◆ **WHAT TO PRODUCE**:
Below are several entries. Transcribe exactly those lines that fall from the one with "Ribbed Tank Top" through the one with "FX-620 SU-35 RC", end lines included.

◆ **SUPPLIED RECORDS**:
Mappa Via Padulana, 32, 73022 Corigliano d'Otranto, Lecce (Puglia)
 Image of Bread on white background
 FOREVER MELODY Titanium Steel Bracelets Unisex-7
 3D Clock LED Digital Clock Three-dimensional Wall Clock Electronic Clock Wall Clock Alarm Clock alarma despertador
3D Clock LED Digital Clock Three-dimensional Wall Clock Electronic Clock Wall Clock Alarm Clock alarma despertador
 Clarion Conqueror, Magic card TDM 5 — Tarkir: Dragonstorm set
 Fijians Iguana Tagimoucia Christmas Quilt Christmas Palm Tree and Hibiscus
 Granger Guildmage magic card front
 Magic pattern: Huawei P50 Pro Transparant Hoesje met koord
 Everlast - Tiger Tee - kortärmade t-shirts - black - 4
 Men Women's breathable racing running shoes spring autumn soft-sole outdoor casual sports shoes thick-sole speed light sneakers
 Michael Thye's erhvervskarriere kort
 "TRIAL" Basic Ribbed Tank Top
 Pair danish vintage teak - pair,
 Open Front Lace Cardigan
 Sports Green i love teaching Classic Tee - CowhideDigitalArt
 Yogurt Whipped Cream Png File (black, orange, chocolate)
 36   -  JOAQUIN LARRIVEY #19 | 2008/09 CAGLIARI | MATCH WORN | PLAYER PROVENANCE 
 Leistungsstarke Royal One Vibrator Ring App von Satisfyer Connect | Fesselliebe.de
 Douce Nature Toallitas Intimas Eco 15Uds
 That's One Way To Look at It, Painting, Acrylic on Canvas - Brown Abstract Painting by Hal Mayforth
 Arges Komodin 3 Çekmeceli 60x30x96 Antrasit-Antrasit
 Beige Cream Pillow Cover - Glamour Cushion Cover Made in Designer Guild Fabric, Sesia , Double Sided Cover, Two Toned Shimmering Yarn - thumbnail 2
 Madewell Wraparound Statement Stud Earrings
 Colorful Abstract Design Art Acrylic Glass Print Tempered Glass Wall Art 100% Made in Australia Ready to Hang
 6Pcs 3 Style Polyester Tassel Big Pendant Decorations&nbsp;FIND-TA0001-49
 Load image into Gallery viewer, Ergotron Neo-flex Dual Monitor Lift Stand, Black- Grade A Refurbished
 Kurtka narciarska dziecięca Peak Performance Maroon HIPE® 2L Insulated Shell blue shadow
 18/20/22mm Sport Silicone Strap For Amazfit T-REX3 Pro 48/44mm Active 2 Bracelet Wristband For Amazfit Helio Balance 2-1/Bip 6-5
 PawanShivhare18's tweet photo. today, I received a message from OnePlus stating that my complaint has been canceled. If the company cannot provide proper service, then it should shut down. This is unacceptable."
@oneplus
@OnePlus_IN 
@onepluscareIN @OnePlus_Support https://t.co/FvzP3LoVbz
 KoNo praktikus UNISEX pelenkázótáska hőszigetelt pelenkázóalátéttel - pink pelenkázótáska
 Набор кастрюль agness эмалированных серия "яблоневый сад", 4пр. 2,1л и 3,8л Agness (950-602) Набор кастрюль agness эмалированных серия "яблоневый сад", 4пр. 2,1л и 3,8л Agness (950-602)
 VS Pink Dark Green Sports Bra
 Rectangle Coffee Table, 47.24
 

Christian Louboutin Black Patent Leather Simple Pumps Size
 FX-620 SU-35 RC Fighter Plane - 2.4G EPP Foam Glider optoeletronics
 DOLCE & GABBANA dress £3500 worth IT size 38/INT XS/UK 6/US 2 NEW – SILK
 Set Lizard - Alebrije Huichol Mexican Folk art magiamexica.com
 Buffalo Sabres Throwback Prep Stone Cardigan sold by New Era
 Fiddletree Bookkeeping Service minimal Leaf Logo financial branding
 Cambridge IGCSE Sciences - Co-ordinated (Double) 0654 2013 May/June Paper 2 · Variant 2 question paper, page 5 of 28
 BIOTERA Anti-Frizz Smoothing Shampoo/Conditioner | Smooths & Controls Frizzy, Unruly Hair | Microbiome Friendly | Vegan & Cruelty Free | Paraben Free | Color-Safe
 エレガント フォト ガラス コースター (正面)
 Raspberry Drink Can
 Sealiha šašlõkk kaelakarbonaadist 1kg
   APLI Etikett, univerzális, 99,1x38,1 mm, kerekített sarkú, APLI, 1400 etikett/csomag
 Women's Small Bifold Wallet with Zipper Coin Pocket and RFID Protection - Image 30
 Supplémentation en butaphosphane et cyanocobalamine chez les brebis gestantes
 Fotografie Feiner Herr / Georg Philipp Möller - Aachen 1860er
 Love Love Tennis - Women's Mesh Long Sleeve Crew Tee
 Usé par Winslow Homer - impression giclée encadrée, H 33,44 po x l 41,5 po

◆ **EXERCISE ANSWER**:
 "TRIAL" Basic Ribbed Tank Top
 Pair danish vintage teak - pair,
 Open Front Lace Cardigan
 Sports Green i love teaching Classic Tee - CowhideDigitalArt
 Yogurt Whipped Cream Png File (black, orange, chocolate)
 36   -  JOAQUIN LARRIVEY #19 | 2008/09 CAGLIARI | MATCH WORN | PLAYER PROVENANCE 
 Leistungsstarke Royal One Vibrator Ring App von Satisfyer Connect | Fesselliebe.de
 Douce Nature Toallitas Intimas Eco 15Uds
 That's One Way To Look at It, Painting, Acrylic on Canvas - Brown Abstract Painting by Hal Mayforth
 Arges Komodin 3 Çekmeceli 60x30x96 Antrasit-Antrasit
 Beige Cream Pillow Cover - Glamour Cushion Cover Made in Designer Guild Fabric, Sesia , Double Sided Cover, Two Toned Shimmering Yarn - thumbnail 2
 Madewell Wraparound Statement Stud Earrings
 Colorful Abstract Design Art Acrylic Glass Print Tempered Glass Wall Art 100% Made in Australia Ready to Hang
 6Pcs 3 Style Polyester Tassel Big Pendant Decorations&nbsp;FIND-TA0001-49
 Load image into Gallery viewer, Ergotron Neo-flex Dual Monitor Lift Stand, Black- Grade A Refurbished
 Kurtka narciarska dziecięca Peak Performance Maroon HIPE® 2L Insulated Shell blue shadow
 18/20/22mm Sport Silicone Strap For Amazfit T-REX3 Pro 48/44mm Active 2 Bracelet Wristband For Amazfit Helio Balance 2-1/Bip 6-5
 PawanShivhare18's tweet photo. today, I received a message from OnePlus stating that my complaint has been canceled. If the company cannot provide proper service, then it should shut down. This is unacceptable."
@oneplus
@OnePlus_IN 
@onepluscareIN @OnePlus_Support https://t.co/FvzP3LoVbz
 KoNo praktikus UNISEX pelenkázótáska hőszigetelt pelenkázóalátéttel - pink pelenkázótáska
 Набор кастрюль agness эмалированных серия "яблоневый сад", 4пр. 2,1л и 3,8л Agness (950-602) Набор кастрюль agness эмалированных серия "яблоневый сад", 4пр. 2,1л и 3,8л Agness (950-602)
 VS Pink Dark Green Sports Bra
 Rectangle Coffee Table, 47.24
 

Christian Louboutin Black Patent Leather Simple Pumps Size
 FX-620 SU-35 RC Fighter Plane - 2.4G EPP Foam Glider optoeletronics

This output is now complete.